= EXERCISE GOAL =
In the material below, the lines between the one holding "-邢氏老太太烤串(北兴街店)" and the one holding "Большой ремонт: фото", inclusive, are to be set down word for word. Pictures stay out.
++++ MATERIALS PROVIDED ++++
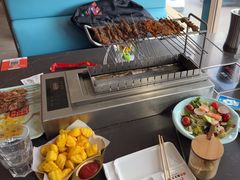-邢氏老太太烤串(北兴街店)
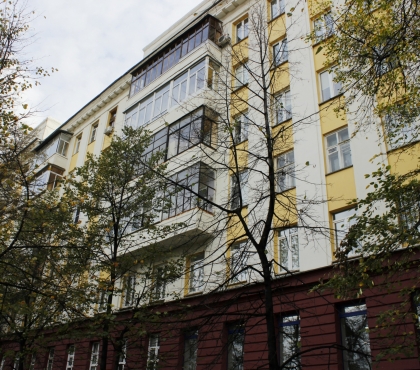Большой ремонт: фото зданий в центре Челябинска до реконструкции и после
++++
++++ MATERIALS PROVIDED ++++
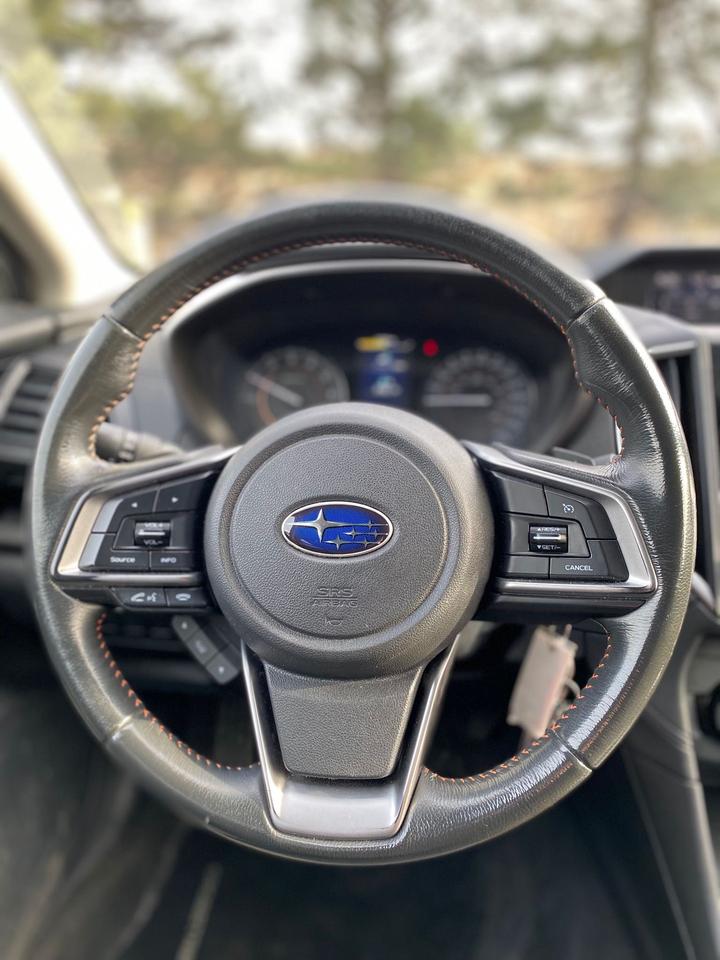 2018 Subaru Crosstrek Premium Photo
++++
= TASK ANSWER =
-邢氏老太太烤串(北兴街店)
Большой ремонт: фото зданий в центре Челябинска до реконструкции и после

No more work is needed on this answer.